Briatore lo notò subito e lo “scippò” a Eddie Jordan portandolo in Benetton. Qualche stagione e Schumi fece doppietta di titoli Mondiali, i suoi primi. Poi il richiamo della Ferrari. Non fu facile ma il Kaiser, con Jean Todt, Rory Byrne e Ross Brawn rimodellò la squadra a sua immagine e somiglianza e dopo qualche delusione cocente tra cui anche un grosso infortunio, la portò a dominare per 5 anni con altrettanti titoli. Nel 2006 l’addio con l’ottavo iride sfiorato per pochi punti.
Schumacher si ritirò alla fine del 2006, divenne uomo immagine per la rossa, di lui si ipotizzò di un ritorno in F1 con la Ferrari nel 2009 dopo l’infortunio di Massa in Ungheria ma non se ne fece nulla. Tornò invece Schumi nel 2010 insieme al rientro nel circus della Mercedes che prese la Brawn Gp. I suoi tre anni di “seconda vita” in Formula 1 non furono nemmeno paragonabili alla prima parte di carriera. Solo qualche piazzamento qua e là, unico podio nel 2012 al Gp d’Europa e poi la pole che tutti ricordano, da grande campionissimo, a Monaco. Il canto del cigno per il Re dei Re.

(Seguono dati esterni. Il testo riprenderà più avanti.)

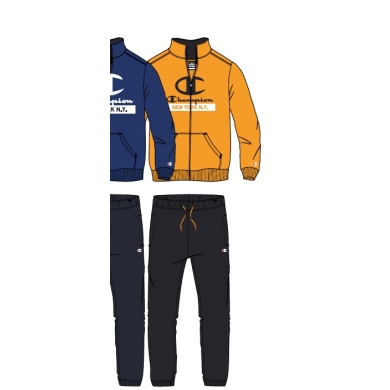 Champion Tracksuit (Jacket & Trousers made of Cotton) with New York Logo Yellow/Black Kids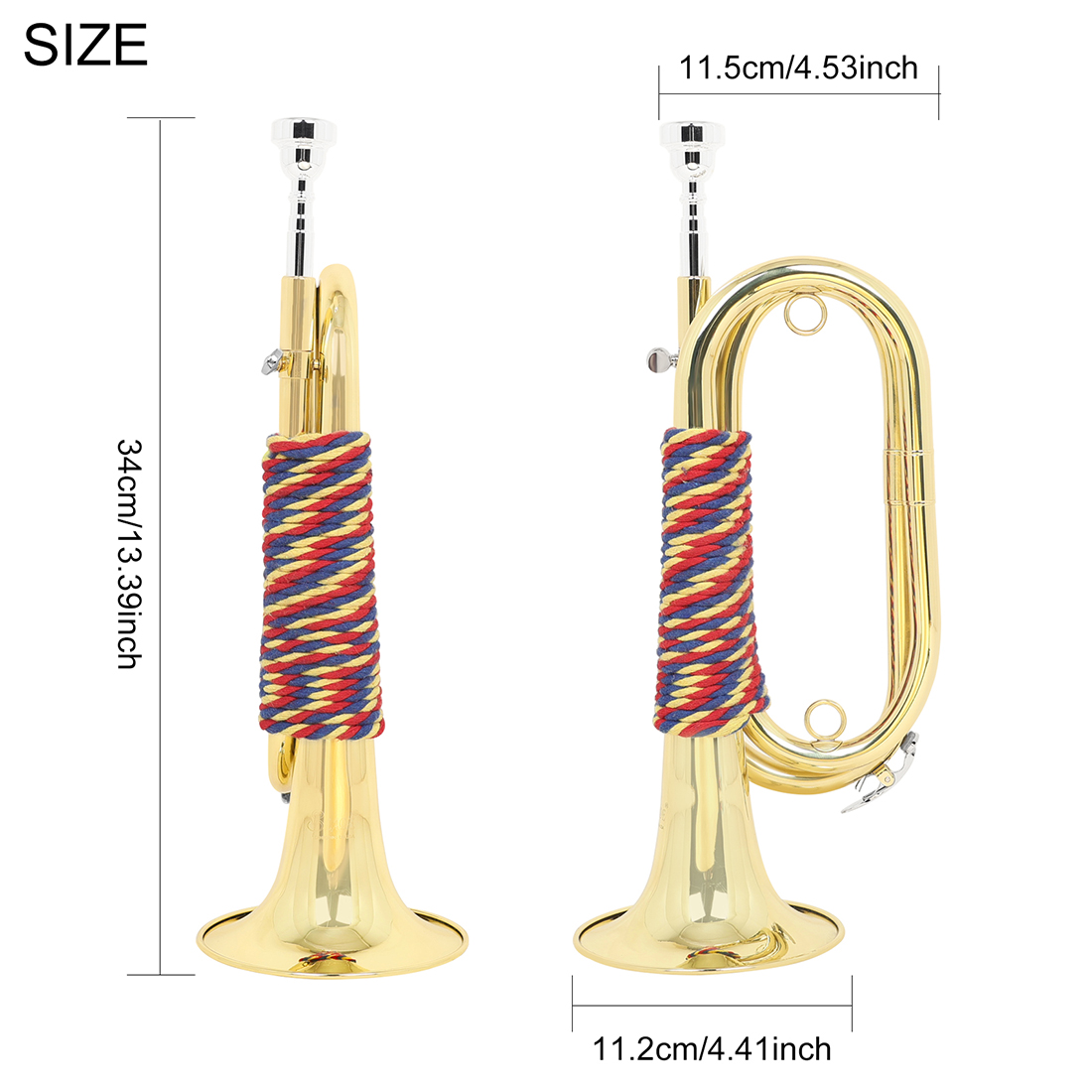 Мини-труба-горн Bb из латуни,  – обзор и цена Musical Instrument Bugle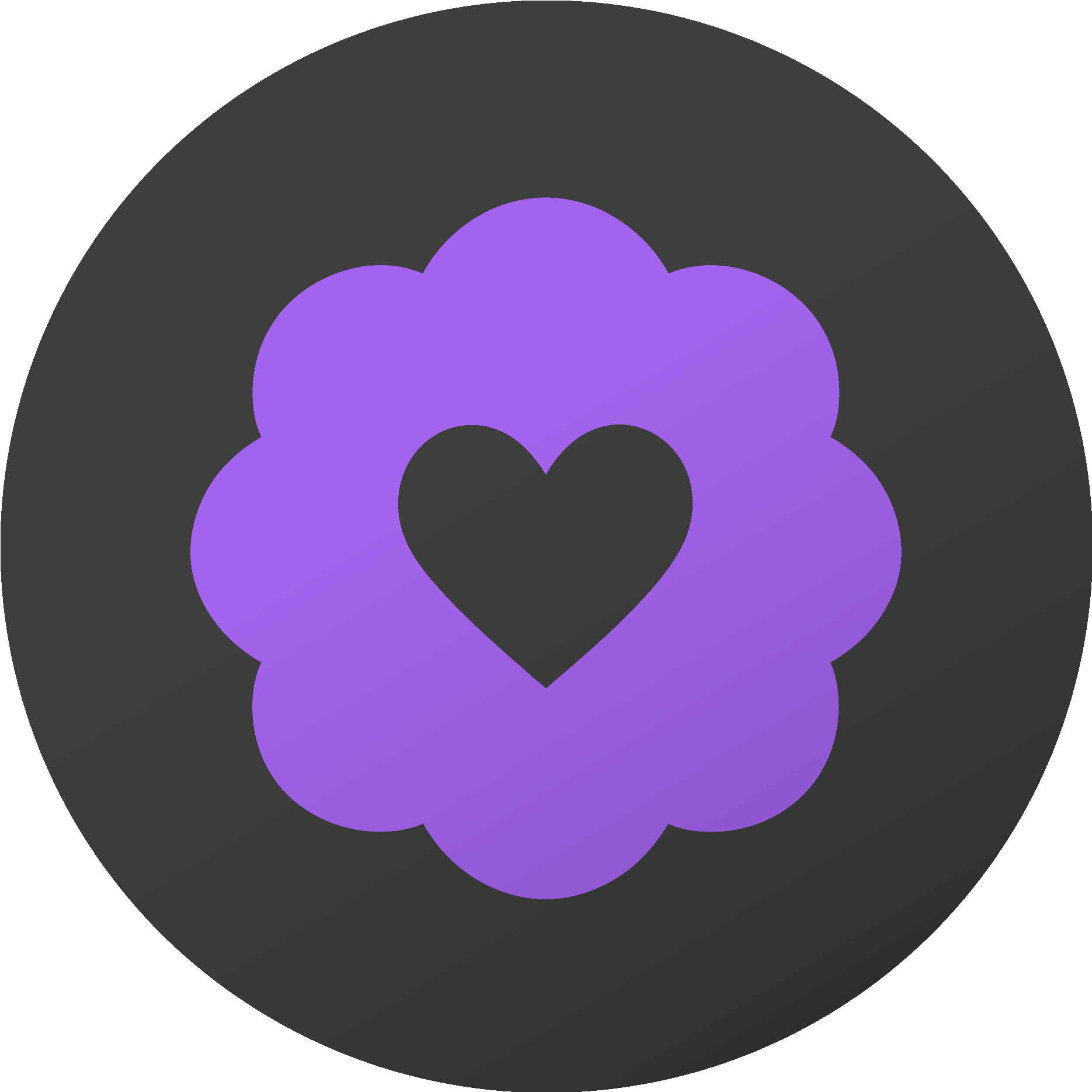 Purple badge grey circle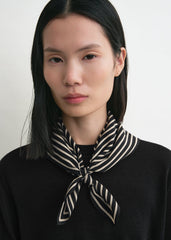 Signature monogram silk scarf black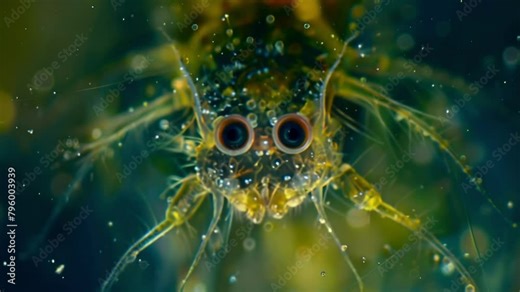 A single rotifer under the microscope revealing the intricate structure of its head with its two prominent antennae and sharp jaws . AI generation.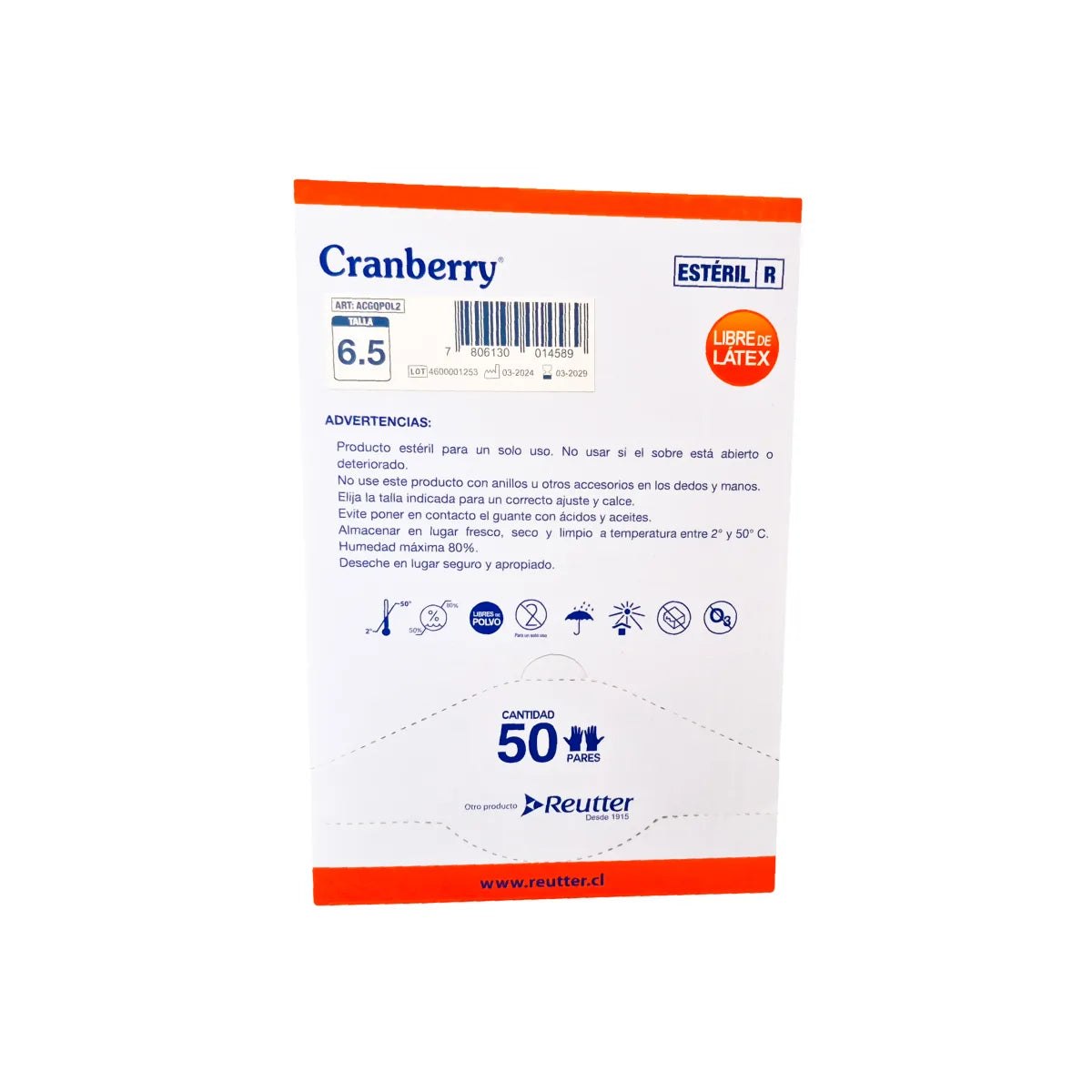 Guante de Poliisopreno Estéril Quirúrgico Cranberry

Schumacher, Haug difende i tre anni in Mercedes: “Era una F1 diversa”
Il dibattito sull’opportunità o meno di fare quei tre anni da parte di Schumacher (il cui figlio Mick ha da poco svelato il suo futuro), è sempre aperto. C’è chi ha apprezzato la sua innata voglia di misurarsi con piloti molto più giovani, comunque riuscendo a stare nel gruppo, battagliando e non poco, chi invece ha sempre pensato che quello di tornare sia stato un errore da parte di Schumi che avrebbe quasi offuscato il ricordo leggendario della sua prima parte di carriera.
In questo dibattito recentemente si inseriscono le parole del boss di allora di Mercedes, Norbert Haug che in una recente intervista ripresa da formulapassion.it ha voluto sottolineare come:
“Ho sentito tante persone dire all’epoca che Michael non era più quello di una volta, ma lo era certamente. All’inizio non conosceva le gomme; prima di allora aveva usato solo pneumatici scanalati. Si trattava addirittura di una marca diversa (Pirelli e non Bridgestone, ndr) e ha dovuto adattarsi alle gomme slick“.
Schumacher e il capolavoro a Monaco: il ricordo di Haug
In quei tre anni Michael Schumacher riuscì a dare un segno della sua grandezza solo in poche occasioni. Come non ricordare la pole position nel Gran Premio di Monte Carlo 2012. Una pole purtroppo sminuita specie in ottica gara dalle 5 posizioni di penalizzazione inflitti dalla direzione corsa per la sostituzione del cambio. Lì secondo Haug si vide la stoffa del vero campionissimo:
“Nel suo ultimo anno, quando molti lo descrivevano come non più competitivo, ha ottenuto la pole position a Monaco, la madre di tutte le piste. Chiunque sia stato in grado di ottenere la pole position con quella macchina non ha perso nulla delle sue capacità“
Michael Schumacher, il suo triennio base per i successi Mercedes
Le parole di Haug fanno il paio con le dichiarazioni di molti dei meccanici e ingegneri che lavorarono in quei tre anni con Michael Schumacher in quella Mercedes che di lì a breve avrebbe dominato la F1 per quasi un decennio con le vittorie a raffica di Lewis Hamilton e Nico Rosberg. Per molti il know how, il modo di lavorare maniacale di Schumacher fu un esempio trasferito alla scuderia base per il dominio successivo.
Per il direttore sportivo Ron Meadows: “Ci ha reso migliori nel modo di lavorare. Il nostro più grande rimpianto è stato non vedere Michael vincere una gara per noi, e pensare che qualche anno dopo il suo ritiro definitivo e quel maledetto incidente abbiamo cominciato a vincere a ripetizione“.